Listed entries ▸
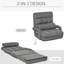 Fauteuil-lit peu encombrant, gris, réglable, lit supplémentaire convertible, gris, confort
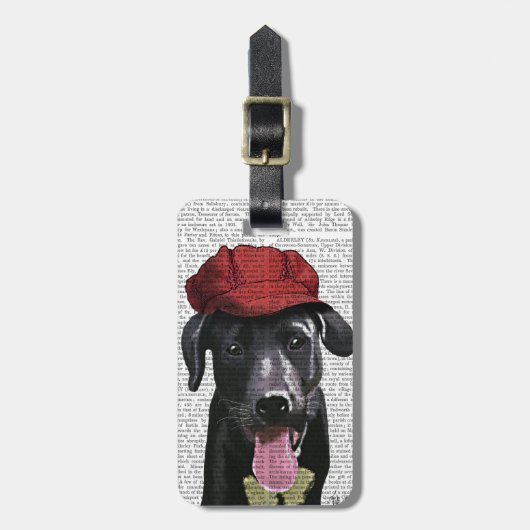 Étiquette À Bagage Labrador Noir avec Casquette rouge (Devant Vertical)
---
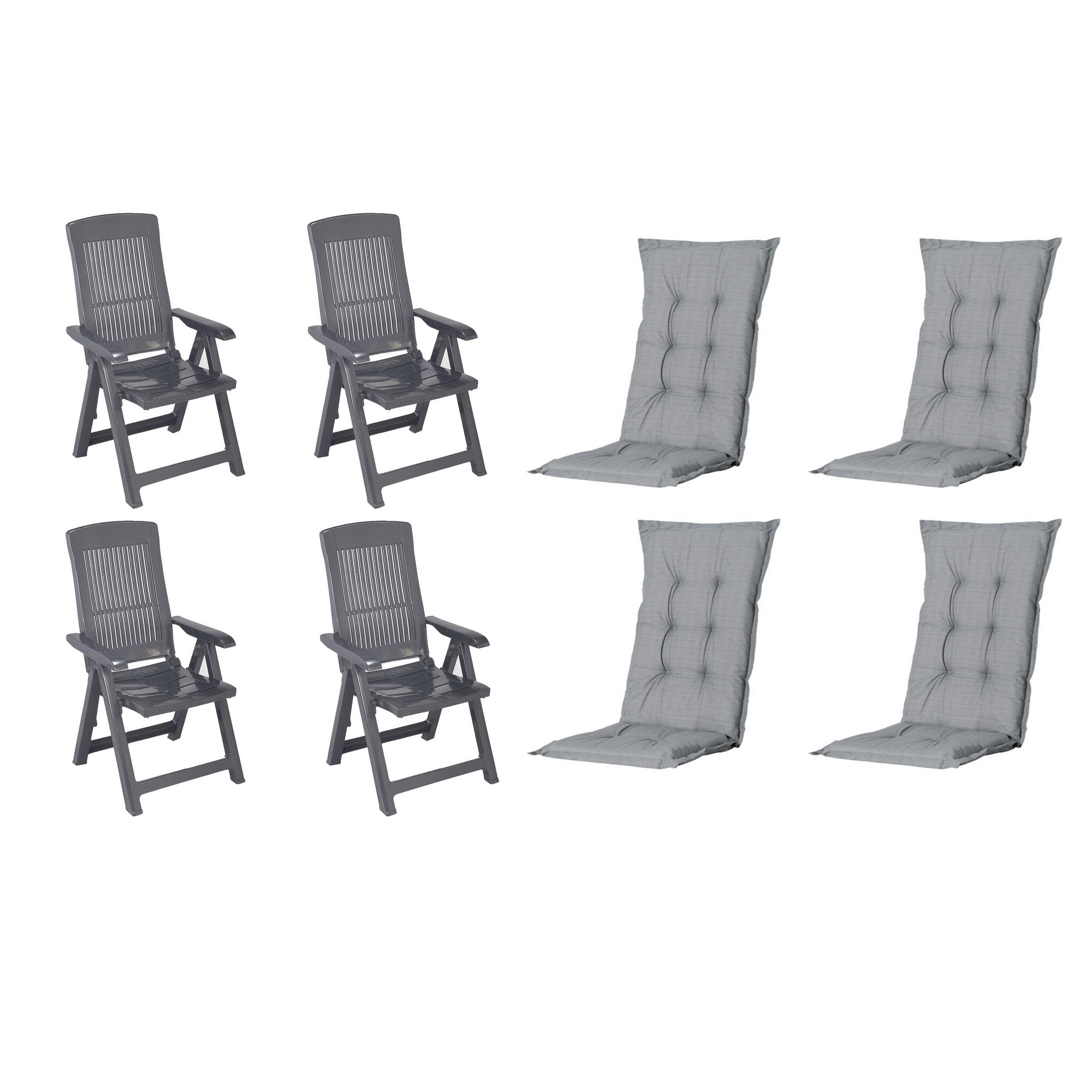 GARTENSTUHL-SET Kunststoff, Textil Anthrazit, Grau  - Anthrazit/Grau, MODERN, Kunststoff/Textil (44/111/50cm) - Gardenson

Work item ▸
Give the lines above again exactly, from the one containing "Fauteuil-lit peu encombrant, gris, réglable, lit" to the one containing "Étiquette À Bagage", both included, but leave out the pictures.

Finished exercise ▸
 Fauteuil-lit peu encombrant, gris, réglable, lit supplémentaire convertible, gris, confort
 Étiquette À Bagage Labrador Noir avec Casquette rouge (Devant Vertical)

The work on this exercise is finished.